▶ _Your instructions_: Scan the entries below for the word "Hybrid". Copy each line that has it.

▶ _Given information_:
##############################

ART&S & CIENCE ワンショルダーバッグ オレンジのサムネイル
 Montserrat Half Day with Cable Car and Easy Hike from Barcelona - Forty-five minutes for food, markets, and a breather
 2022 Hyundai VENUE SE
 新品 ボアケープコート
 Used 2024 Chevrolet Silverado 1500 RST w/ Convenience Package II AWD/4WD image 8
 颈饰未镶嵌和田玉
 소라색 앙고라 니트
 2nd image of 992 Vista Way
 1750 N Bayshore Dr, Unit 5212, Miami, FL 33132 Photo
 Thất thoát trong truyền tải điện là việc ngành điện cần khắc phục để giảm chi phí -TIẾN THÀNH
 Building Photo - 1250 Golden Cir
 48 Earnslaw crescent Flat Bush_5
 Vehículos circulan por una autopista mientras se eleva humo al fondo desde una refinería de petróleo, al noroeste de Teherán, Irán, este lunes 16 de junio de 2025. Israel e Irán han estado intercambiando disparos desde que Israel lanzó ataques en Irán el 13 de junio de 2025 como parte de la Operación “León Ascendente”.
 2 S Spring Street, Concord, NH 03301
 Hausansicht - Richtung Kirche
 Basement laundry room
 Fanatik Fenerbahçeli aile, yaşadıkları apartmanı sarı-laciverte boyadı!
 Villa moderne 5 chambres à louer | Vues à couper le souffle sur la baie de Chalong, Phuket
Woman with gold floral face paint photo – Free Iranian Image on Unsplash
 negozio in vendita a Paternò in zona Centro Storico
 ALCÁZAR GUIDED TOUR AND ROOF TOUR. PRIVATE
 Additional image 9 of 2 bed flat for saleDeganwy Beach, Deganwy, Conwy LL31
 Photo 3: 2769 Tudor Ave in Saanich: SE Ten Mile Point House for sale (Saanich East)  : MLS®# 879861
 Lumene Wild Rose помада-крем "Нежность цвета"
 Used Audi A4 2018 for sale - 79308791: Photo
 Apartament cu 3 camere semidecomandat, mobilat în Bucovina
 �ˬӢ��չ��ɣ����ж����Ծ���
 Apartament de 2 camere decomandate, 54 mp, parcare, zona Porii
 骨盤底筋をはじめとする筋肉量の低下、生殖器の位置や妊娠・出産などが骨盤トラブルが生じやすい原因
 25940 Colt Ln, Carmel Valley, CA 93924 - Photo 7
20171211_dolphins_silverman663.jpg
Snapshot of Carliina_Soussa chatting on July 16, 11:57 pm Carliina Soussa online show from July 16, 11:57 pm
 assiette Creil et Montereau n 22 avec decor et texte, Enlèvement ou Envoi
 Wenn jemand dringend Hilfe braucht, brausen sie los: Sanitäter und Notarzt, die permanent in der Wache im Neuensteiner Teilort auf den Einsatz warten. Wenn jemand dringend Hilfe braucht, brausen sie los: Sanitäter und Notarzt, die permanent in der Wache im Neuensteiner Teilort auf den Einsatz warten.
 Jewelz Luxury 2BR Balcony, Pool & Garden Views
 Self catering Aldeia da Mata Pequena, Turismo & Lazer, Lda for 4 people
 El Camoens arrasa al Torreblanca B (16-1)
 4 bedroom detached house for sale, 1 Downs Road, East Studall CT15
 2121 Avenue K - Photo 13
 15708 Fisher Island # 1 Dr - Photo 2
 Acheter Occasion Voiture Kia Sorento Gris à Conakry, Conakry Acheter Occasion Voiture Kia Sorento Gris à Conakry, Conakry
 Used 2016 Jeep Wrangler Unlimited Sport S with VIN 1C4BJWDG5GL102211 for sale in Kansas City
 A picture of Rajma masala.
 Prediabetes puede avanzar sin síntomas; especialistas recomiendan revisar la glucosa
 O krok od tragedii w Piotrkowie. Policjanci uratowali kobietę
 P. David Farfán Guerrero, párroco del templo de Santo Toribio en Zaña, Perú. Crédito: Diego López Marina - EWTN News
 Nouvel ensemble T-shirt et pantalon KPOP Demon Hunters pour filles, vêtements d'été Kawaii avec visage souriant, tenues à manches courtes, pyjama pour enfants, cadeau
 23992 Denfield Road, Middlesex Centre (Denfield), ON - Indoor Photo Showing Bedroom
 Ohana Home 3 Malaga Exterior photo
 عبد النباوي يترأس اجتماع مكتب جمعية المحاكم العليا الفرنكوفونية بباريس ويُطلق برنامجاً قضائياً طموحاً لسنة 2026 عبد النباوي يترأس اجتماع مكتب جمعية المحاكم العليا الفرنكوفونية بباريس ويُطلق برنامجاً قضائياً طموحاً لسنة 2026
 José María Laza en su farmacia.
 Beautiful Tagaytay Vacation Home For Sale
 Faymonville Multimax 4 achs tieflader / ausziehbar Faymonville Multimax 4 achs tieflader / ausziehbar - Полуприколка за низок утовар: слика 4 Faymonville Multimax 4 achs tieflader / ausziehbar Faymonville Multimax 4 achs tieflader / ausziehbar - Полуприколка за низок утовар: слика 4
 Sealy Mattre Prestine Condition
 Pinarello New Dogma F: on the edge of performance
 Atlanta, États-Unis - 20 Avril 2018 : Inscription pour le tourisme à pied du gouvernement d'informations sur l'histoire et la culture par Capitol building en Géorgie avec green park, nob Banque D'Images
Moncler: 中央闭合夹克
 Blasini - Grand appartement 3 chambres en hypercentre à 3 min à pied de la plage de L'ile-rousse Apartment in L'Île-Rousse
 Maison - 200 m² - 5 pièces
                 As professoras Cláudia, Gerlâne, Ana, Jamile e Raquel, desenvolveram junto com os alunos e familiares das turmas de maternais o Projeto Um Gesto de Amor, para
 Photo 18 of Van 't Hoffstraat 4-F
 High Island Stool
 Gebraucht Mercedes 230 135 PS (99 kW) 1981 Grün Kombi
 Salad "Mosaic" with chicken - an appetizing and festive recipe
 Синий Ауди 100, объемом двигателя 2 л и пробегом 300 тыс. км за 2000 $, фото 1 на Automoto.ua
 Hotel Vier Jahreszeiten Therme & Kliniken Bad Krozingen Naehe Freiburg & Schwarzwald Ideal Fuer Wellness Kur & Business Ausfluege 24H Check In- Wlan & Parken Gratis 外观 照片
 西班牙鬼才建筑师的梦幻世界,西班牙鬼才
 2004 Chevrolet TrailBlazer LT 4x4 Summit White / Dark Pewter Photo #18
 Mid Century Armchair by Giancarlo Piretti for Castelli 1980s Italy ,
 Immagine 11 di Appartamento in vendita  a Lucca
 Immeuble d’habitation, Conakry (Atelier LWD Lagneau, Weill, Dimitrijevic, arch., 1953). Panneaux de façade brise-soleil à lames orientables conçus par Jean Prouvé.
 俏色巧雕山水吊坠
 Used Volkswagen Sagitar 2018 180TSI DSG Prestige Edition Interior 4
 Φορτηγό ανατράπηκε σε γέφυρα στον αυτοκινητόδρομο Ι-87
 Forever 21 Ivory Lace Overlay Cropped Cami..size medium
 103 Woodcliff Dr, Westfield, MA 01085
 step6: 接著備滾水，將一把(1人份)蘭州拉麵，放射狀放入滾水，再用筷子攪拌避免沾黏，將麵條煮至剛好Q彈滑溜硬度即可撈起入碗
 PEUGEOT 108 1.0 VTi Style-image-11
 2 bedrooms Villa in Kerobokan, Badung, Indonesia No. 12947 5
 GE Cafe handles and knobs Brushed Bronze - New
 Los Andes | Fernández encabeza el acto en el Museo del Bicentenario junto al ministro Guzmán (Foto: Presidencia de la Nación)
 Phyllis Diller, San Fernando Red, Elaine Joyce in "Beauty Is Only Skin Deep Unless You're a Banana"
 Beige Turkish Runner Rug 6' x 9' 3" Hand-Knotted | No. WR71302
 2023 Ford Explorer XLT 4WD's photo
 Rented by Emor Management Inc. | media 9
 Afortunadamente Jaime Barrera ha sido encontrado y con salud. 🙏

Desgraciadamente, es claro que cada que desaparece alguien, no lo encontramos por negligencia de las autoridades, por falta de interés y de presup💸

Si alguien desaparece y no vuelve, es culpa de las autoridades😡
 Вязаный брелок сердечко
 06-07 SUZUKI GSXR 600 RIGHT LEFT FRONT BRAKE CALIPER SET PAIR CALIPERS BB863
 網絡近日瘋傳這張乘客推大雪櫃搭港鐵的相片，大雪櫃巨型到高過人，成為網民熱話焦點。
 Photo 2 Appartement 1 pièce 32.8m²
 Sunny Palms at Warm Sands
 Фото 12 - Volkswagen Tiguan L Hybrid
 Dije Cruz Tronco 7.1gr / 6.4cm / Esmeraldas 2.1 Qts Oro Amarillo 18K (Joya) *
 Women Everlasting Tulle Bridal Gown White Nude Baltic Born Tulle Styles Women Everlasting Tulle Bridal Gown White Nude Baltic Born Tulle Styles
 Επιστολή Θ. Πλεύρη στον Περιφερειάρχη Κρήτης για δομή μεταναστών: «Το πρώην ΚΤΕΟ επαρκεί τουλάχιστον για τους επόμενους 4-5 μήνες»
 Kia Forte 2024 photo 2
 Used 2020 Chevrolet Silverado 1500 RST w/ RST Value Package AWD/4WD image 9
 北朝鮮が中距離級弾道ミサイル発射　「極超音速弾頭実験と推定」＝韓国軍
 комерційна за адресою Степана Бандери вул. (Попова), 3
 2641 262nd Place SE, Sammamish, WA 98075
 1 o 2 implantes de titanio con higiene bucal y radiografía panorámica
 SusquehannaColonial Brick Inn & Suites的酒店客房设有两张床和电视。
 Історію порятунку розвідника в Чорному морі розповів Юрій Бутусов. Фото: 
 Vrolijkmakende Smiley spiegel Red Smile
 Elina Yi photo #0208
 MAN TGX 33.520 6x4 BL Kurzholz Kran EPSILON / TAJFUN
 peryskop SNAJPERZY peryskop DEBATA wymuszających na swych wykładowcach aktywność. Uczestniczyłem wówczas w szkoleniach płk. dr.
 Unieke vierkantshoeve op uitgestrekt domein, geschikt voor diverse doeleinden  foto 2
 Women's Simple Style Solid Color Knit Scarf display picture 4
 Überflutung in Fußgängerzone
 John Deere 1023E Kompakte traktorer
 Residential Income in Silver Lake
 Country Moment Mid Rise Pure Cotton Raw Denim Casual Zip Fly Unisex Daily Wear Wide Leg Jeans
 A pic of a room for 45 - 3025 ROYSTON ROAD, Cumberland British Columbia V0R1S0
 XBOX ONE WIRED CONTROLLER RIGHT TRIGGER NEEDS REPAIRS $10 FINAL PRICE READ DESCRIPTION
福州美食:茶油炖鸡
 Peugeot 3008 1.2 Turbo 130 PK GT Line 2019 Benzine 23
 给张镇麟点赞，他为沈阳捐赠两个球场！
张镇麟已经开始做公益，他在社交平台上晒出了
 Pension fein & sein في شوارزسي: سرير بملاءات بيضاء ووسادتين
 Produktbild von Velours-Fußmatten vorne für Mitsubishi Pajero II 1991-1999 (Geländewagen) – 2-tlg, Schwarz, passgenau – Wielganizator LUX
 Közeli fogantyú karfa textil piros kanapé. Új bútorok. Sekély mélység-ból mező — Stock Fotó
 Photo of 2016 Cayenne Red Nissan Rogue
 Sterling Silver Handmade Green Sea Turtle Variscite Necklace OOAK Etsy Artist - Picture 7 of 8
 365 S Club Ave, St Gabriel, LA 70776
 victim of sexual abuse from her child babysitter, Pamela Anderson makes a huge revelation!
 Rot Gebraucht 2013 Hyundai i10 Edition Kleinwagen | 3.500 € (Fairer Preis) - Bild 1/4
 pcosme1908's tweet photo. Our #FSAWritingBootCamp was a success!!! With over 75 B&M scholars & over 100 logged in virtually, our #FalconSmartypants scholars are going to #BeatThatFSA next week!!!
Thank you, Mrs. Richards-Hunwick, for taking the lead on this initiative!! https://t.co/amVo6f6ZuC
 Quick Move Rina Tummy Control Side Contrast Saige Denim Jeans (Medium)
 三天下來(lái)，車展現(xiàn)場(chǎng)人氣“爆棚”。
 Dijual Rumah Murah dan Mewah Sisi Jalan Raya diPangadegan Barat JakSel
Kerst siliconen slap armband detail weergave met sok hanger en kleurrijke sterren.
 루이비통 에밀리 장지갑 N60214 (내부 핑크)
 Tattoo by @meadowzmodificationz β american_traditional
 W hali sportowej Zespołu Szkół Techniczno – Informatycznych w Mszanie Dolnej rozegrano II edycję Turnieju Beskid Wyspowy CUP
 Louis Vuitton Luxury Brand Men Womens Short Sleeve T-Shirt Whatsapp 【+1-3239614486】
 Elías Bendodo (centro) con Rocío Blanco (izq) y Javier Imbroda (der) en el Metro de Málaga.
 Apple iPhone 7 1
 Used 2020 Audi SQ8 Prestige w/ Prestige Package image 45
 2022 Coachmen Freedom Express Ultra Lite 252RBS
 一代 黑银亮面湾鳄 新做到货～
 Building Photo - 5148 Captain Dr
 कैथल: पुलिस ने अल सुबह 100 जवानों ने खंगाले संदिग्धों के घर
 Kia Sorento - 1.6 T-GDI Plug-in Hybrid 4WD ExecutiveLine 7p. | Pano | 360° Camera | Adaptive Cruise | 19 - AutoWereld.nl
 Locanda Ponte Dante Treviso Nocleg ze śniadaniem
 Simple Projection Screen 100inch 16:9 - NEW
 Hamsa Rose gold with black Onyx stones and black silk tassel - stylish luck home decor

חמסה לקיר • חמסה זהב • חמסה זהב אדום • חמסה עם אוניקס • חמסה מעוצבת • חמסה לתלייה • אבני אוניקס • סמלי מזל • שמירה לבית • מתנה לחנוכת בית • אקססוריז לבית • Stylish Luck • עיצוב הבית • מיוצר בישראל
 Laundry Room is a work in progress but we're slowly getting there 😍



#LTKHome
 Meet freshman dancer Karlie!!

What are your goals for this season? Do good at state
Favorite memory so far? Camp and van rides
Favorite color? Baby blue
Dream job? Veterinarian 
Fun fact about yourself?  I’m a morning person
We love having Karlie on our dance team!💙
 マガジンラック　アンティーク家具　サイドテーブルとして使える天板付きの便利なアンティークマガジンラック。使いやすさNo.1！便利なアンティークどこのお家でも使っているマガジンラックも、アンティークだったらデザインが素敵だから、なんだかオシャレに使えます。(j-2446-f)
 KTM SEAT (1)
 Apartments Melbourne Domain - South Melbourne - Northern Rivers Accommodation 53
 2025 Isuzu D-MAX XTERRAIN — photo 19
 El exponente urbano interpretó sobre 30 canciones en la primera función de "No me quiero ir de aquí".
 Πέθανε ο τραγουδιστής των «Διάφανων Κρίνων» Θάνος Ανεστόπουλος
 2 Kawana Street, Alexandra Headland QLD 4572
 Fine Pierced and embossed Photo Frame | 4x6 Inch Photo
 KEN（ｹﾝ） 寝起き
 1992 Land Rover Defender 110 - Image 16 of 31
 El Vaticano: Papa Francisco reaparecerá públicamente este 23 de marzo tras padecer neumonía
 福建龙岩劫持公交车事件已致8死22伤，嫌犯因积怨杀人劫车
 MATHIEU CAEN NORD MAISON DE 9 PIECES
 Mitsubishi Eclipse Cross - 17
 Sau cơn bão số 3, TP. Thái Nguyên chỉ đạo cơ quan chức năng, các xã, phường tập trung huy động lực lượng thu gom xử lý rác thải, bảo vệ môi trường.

##############################

▶ _Your response_:
 Фото 12 - Volkswagen Tiguan L Hybrid
 Kia Sorento - 1.6 T-GDI Plug-in Hybrid 4WD ExecutiveLine 7p. | Pano | 360° Camera | Adaptive Cruise | 19 - AutoWereld.nl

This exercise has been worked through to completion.